[Web page caption snippets]
* * * * * * *
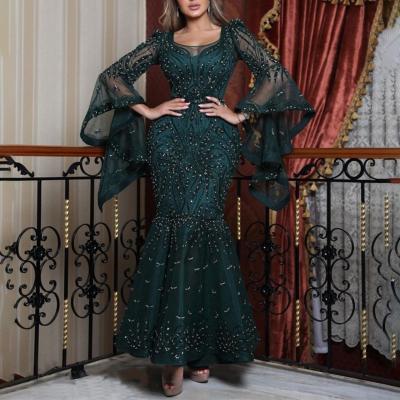 China Breathable 2021 Autumn High Grade Dark Green Flare Sheath Long Mermaid Bodycon Prom Evening Party Cocktail Dress Women for sale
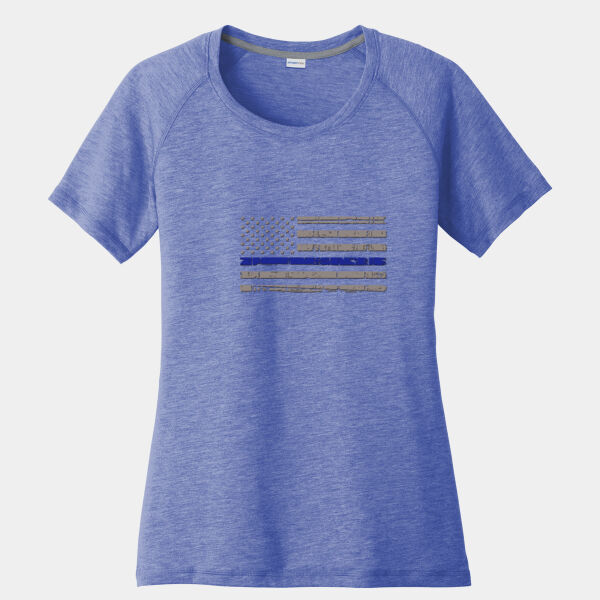Thin Blue Line Flag on Women's Tri-Blend Soft Scoop Neck Shirt Thumbnail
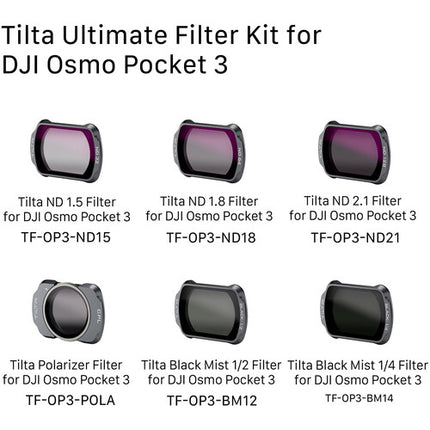 Tilta Ultimate Kit de Filtros para DJI Osmo Pocket 3 ND 1.5 1.8 2.1 y Polarizador Circular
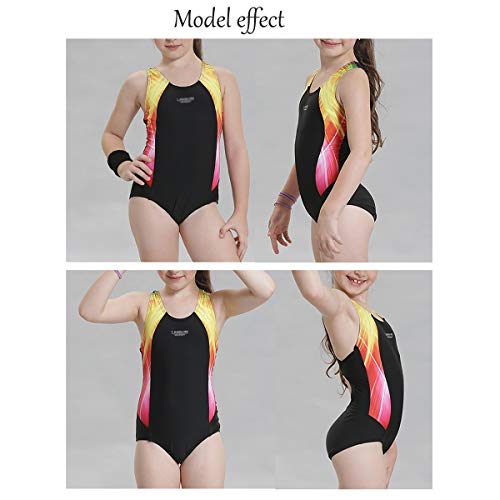 Bylike Girl Professional Competitive Racerback Swimsuit One Piece Athletic Bathing Suit 152 Black Pricepulse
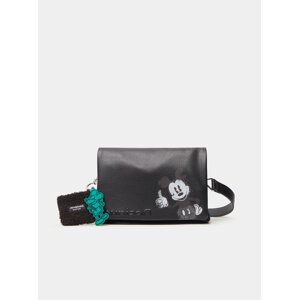 Čierna dámska crossbody kabelka s motívom Desigual Mickey Dortmund Flap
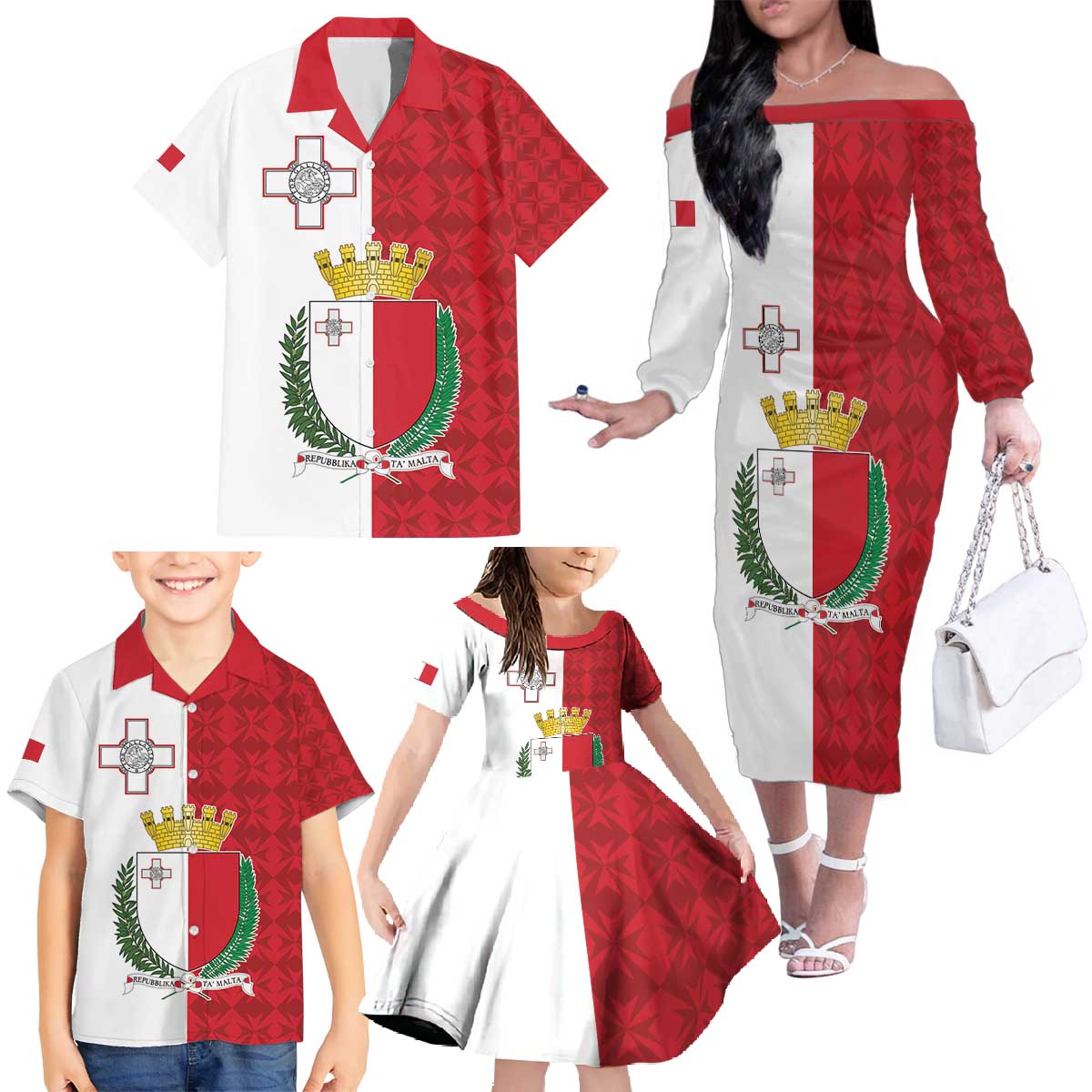 Malta Independence Day Family Matching Off The Shoulder Long Sleeve Dress and Hawaiian Shirt Flag Style with Coat of Arms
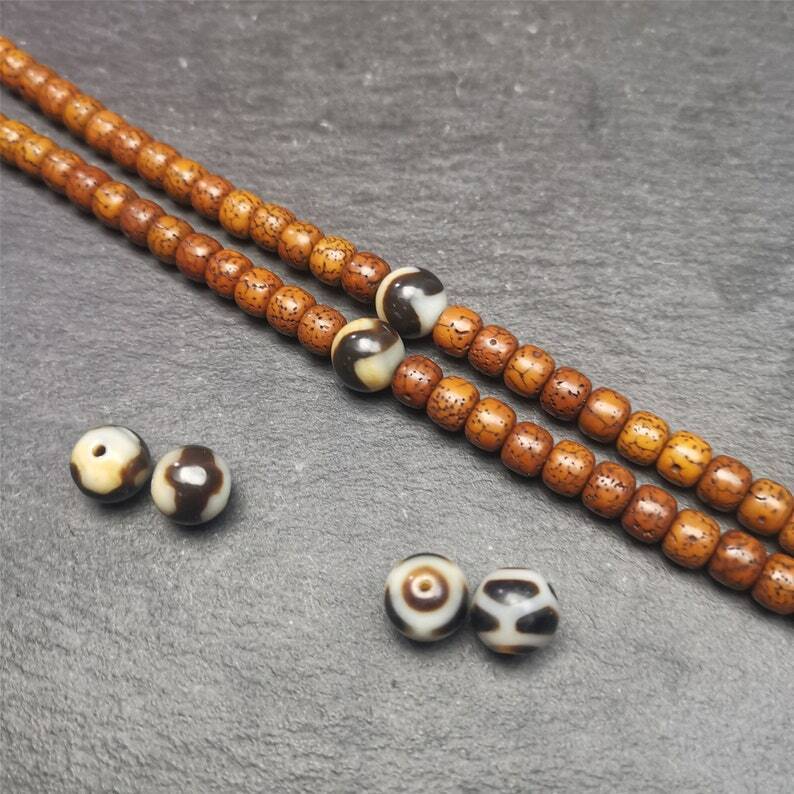Gandhanra Pair of Tibetan Round Dzi Bead,Spacer Marker Beads for Mala,Necklace,0.47"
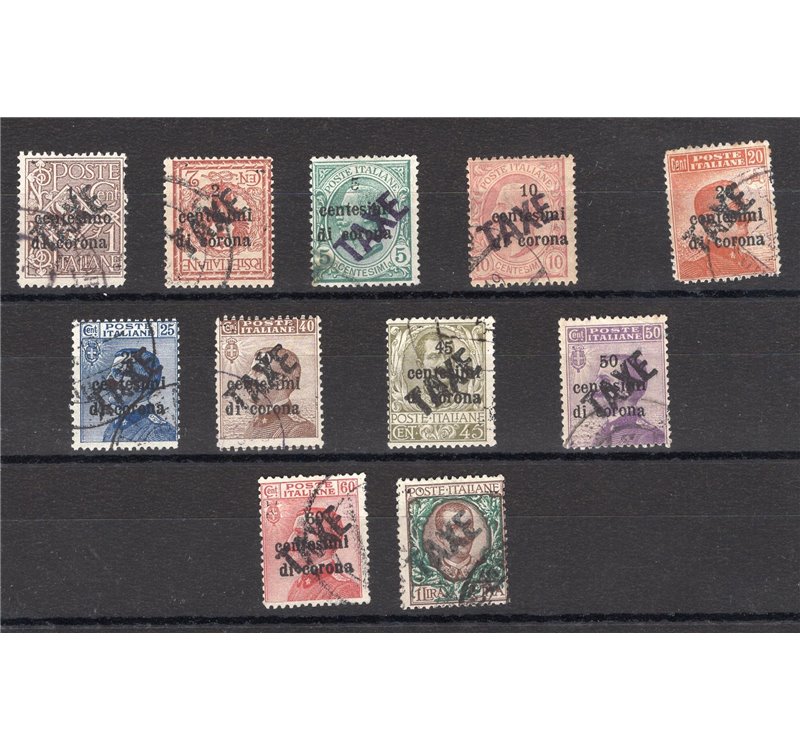 Terre Redente - Trentino Alto Adige - Bolzano 3 - 1918/19 - Francobolli di Trento e Trieste con soprast. "TAXE" in nero, serie n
* * * * * * *
• The problem
All entries above must be duplicated exactly; please omit any picture they hold.

• Solution for this exercise
 China Breathable 2021 Autumn High Grade Dark Green Flare Sheath Long Mermaid Bodycon Prom Evening Party Cocktail Dress Women for sale
Thin Blue Line Flag on Women's Tri-Blend Soft Scoop Neck Shirt Thumbnail
 Tilta Ultimate Kit de Filtros para DJI Osmo Pocket 3 ND 1.5 1.8 2.1 y Polarizador Circular
 Bylike Girl Professional Competitive Racerback Swimsuit One Piece Athletic Bathing Suit 152 Black Pricepulse
 Čierna dámska crossbody kabelka s motívom Desigual Mickey Dortmund Flap
 Malta Independence Day Family Matching Off The Shoulder Long Sleeve Dress and Hawaiian Shirt Flag Style with Coat of Arms
Gandhanra Pair of Tibetan Round Dzi Bead,Spacer Marker Beads for Mala,Necklace,0.47"
 Terre Redente - Trentino Alto Adige - Bolzano 3 - 1918/19 - Francobolli di Trento e Trieste con soprast. "TAXE" in nero, serie n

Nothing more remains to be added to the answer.